We're already in this kind of euphoria.

Now, I mean, I heard your guest earlier talking about nuclear.

Um I was I I number two, ranked nuclear for or, um, engineering analyst for years back in the 20 tens.

I can tell you we're not gonna build any nuclear plants here for data centers.

It's just not gonna happen.

The NRC is gonna make it prohibitively expensive and the investors who go into it are gonna lose all their money.

Even for the small ones, small is worse.

You can't even spread your cost out if you look at what it costs.

If you've got a really rich big tech company who's footing the bill.

Well, that's great.

Let's take all their money.

That's probably what's going to end up happening.

I mean, if you think about it, South Carolina Gas Electric Scanner, they, they went bankrupt trying to build, uh, a, a new plant at summer.

Uh, if you look at Georgia, they built plant Vogel, it cost them multiples of billions of dollars more than they thought it would cost and it, when it to the rate base.

Um, no, there, it's just going to be very expensive.

It's not the approved design.

The A P 1000 design was approved already.

It's going to be the actual build that's going to be very expensive with the redesigns and the, and the make work that the NRC which has been accused of being too friendly with the industry, so they are going to be aggressive.

It's gonna, it's gonna drive up the cost now, this is not gonna happen.

I, I've seen this enough over the last 40 years, particularly in 25 years ago, in the tech bubble, everybody's all bullish and optimistic about tech.

Um We look at the market and think it's just expensive at 30 times cape operating earnings uh when it should be around trend line 26 5, it's about 800 points overvalued.

So, so Barry, I, I if it's Frothy, um, and listen, we've had plenty of strategists come on and, and I'll make that case, it's stretched.

How do you invest?

Then Barry, I'm actually trying to figure out at what point next year to put on a leverage short because, uh, I think it's just gonna blow up in people's faces.

Uh, we have the wherewithal if we use the absolute cherry picked lowest, uh, cape operating earnings yield of the last 35 years, which occurred in uh, late 99 and early 2000 occurred again in December of 2021 and the huge amount of liquidity that Powell and the treasury dumped into the system in COVID.
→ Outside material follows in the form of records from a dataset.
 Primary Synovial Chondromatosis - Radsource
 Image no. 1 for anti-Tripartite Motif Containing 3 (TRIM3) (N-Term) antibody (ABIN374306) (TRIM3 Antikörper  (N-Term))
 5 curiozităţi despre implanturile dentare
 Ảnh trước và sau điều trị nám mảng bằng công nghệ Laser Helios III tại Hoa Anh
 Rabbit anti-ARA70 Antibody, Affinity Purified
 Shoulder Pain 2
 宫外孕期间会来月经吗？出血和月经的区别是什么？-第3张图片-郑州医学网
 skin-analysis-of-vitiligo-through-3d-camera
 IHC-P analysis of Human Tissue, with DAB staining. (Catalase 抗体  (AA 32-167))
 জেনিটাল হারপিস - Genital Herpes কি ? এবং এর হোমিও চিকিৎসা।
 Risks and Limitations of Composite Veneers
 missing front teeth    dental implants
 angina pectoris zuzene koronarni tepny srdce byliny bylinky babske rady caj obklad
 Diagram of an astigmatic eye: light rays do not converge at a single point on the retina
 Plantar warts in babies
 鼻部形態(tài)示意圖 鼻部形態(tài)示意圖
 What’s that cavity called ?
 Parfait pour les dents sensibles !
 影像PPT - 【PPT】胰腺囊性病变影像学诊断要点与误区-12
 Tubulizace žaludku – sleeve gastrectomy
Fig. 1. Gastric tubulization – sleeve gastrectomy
And it, uh, it's approaching that again when it hits, that would be at about 6400 for the S and P 500.

If you look at it a couple of other ways, uh We would also be at about 6400.

If we get there, we might have a, a really good short all the way down to about 4700, which is where this year 2024 began.

Uh So we're just waiting on that frothiness that um euphoria that I referred to earlier when I was doing the quote.

And then, um short, it, this is, um this is just like in 99 early 2000.

I remember those IP O si remember the silliness.

It's rapidly approaching that point, not quite there, but it's rapidly approaching that point.

Barry, let's switch gears here.

Talk, politics, talk the election.

Uh, you write in your latest note that it doesn't, it doesn't really matter who wins the election, who moves into the White House next month because you argue populism has already won.

What are the, the implications of that, Barry?

Well, a week before the 2016 election, I actually wrote a note saying, I don't know who's gonna win but populism is already, you know, is gonna win and that's really what matters that had it been Trump.

You'd be a populist.

Had it been Clinton?

She'd have been hijacked by the populist wing of her party, which is Bernie Sanders and a OC.

Indeed, we've had the populist left and right.

Trump and the Sanders.

A OC Warren wang run things now for eight years, we are in populism full on and the question is, what kind of populism populism is protectionist?

It's, um, usually gets into conflicts, unfortunately, by turning inward, it, it creates a more unstable world and it's almost always high fiscal spending and reflationary and they will force the central bank to do their will over time, it's called fiscal dominance.

So we are in that now, there's no question in my mind that we're in that.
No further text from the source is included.